The direct cause was an unattended upgrade which restarted the PostgreSQL database process. The database restart alone should have only caused a brief downtime. Unfortunately, one of the database clients was not prepared to deal with unexpectedly closed database connections. It continuously tried to use the closed connection–and failed every time.
Meanwhile, the single maintainer of healthchecks.io website (which is me, Pēteris) was out and about, unreachable by email, and unaware of any of the incoming monitoring alerts or twitter messages.
The healthchecks.io service consists of the following components, each running on a separate virtual machine hosted at DigitalOcean, running Ubuntu 16.04:
- a server running the PostgreSQL database
- a server running the ping listener service. This is a NGINX web server reverse-proxying a small, custom Go program. Let’s call the program “hchk.go”. The hchk.io address points to this server.
- a server running the Django website. This is a caddy web server, reverse-proxying an uwsgi process. The healthchecks.io address points to this server.
- a server running the Django management command for sending out alerts.
Out of the box, an Ubuntu 16.04 server comes with unattended security updates enabled. Late August 19, the database server installed a security update for PostgreSQL. It then proceeded to restart the database process. During the restart, any open database connections are of course closed.
After the database restart, the website and the alerting service continued to work normally. They use Django framework and psycopg2 database driver, which together take care of opening new connections as is necessary.
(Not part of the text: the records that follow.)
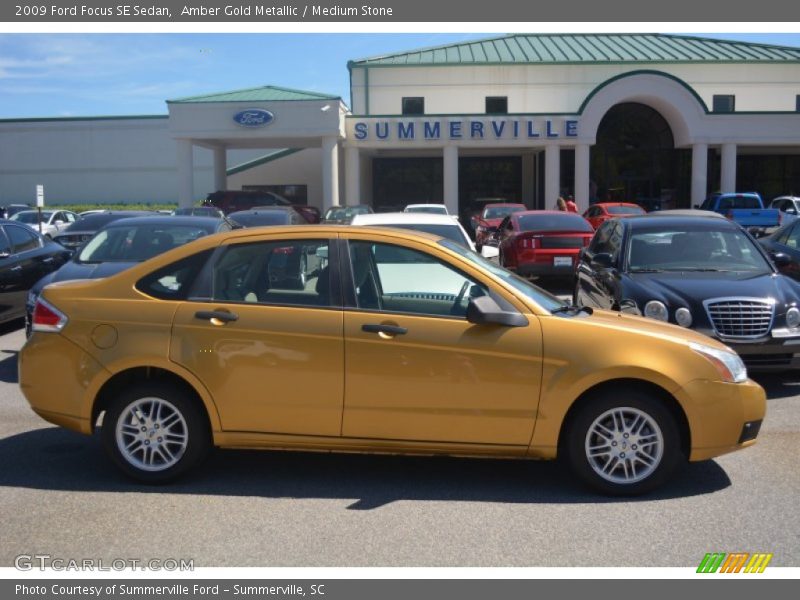 Amber Gold Metallic / Medium Stone 2009 Ford Focus SE Sedan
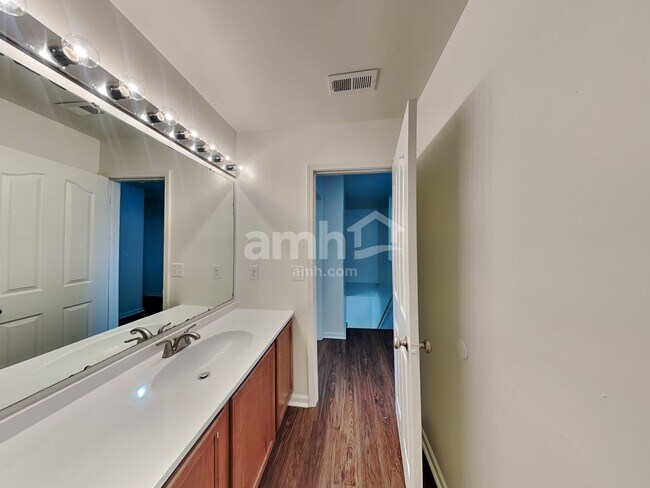 Building Photo - 4437 Esmeralda Dr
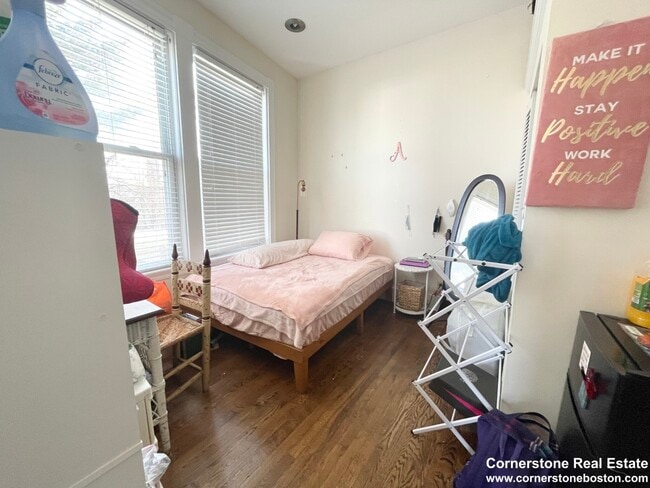 Photo - 775 Parker St Unit 4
The hchk.go program, however, is written in a different programming language (Go), and uses a different database driver (pgx). The program was not tested in the scenario where the database closes a connection. Its error handling for failed SQL operations was effectively a “write the error to a log file and march on”. So, when the database restarted, hchk.go was stuck with a dead connection, and returned HTTP 400 “Bad Request” messages to each and every incoming ping. A simple restart of the hchk.go process fixed the immediate problem.
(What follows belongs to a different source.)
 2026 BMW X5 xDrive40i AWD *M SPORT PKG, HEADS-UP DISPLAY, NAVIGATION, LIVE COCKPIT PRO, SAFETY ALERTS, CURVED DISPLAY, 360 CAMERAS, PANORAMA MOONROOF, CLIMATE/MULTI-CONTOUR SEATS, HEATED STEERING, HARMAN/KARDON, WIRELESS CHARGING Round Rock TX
To make it clear, there is nothing wrong with the Go programming language or the database driver used. They were just used incorrectly by the author of the hchk.go program (me). The reason for writing a custom Go program in the first place is performance. Before implementing the hchk.go program, server’s CPU usage was starting to get dominated by the incoming pings. CPU was mostly spent running Python code. After the switch, CPU usage dropped significantly, and currently CPU is mostly spent on TLS handshakes.
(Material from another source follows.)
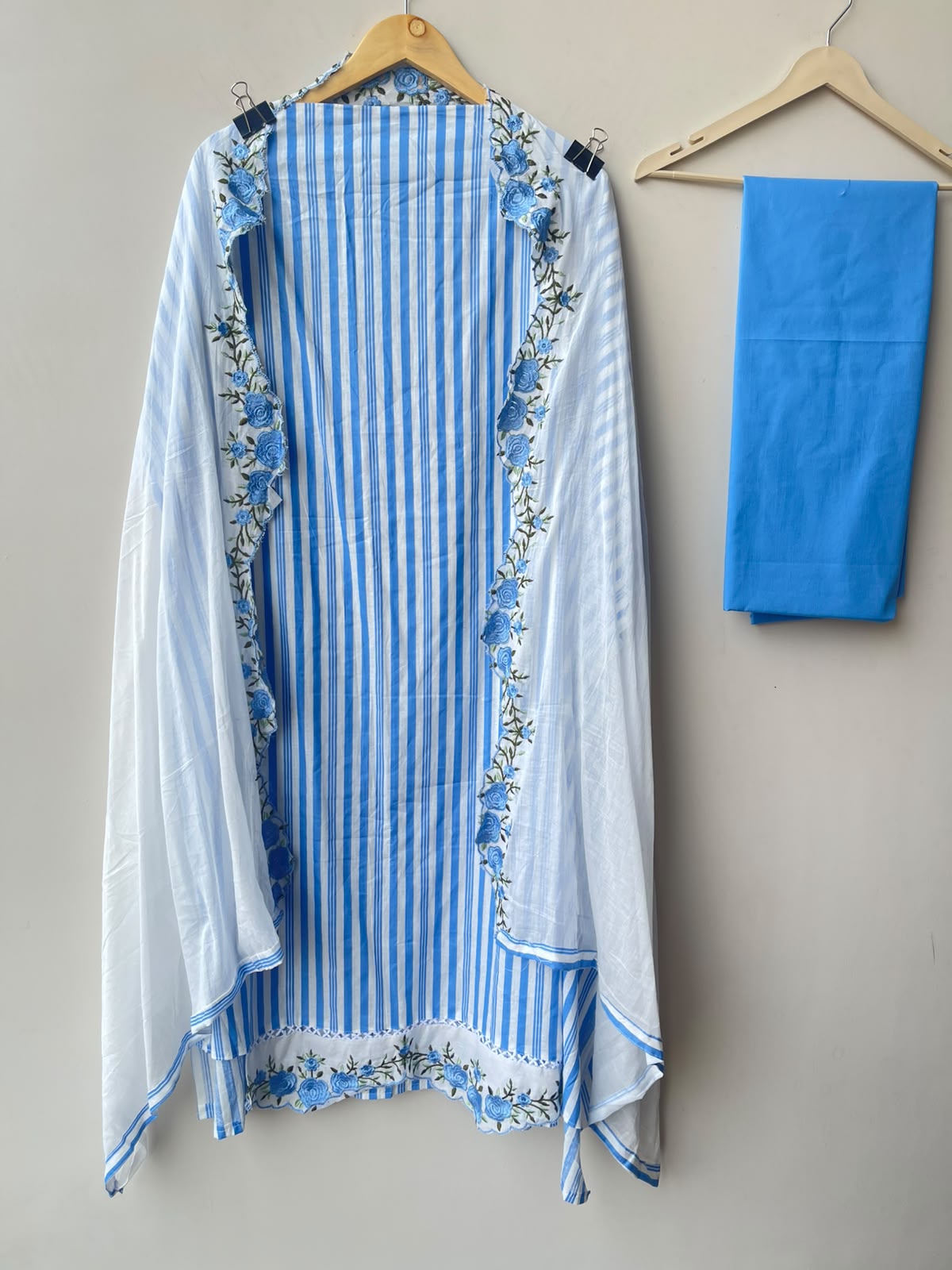 Mul cotton printed unstitched ladies suit Rc19054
The healthchecks.io website has a few provisions for monitoring itself:
- The virtual machines are monitored by NewRelic
- The healthchecks.io website is monitored by UptimeRobot
- The alert sending service is monitored by both Cronitor and Dead Man’s Snitch
The monitoring worked as expected: within 5 minutes after the database restart there were alerts sent out to me. Unfortunately no-one was around for the next 24 hours to see the alerts. Had I checked my email right after the issue started, it would still have taken about 300 kilometers and 4+ hours to get to a PC with the necessary SSH keys.
- Disable unattended upgrades. Done on the database server. Will do on the other servers during next upgrade cycle.
- Fix the hchk.go application to handle closed or misbehaving database connections. Done.
- Keep mobile roaming data enabled next time I go on a trip abroad, and read emails.
- Set up a small laptop with development and deployment tools, and take it on the longer trips.
In closing: I apologize to all healthchecks.io users for any inconvenience caused. For a monitoring service, any downtime is unacceptable.
Being run on a shoestring budget, healthchecks.io can only offer a best effort availability. I, however, welcome the challenge and will aim to make the best of the resources available!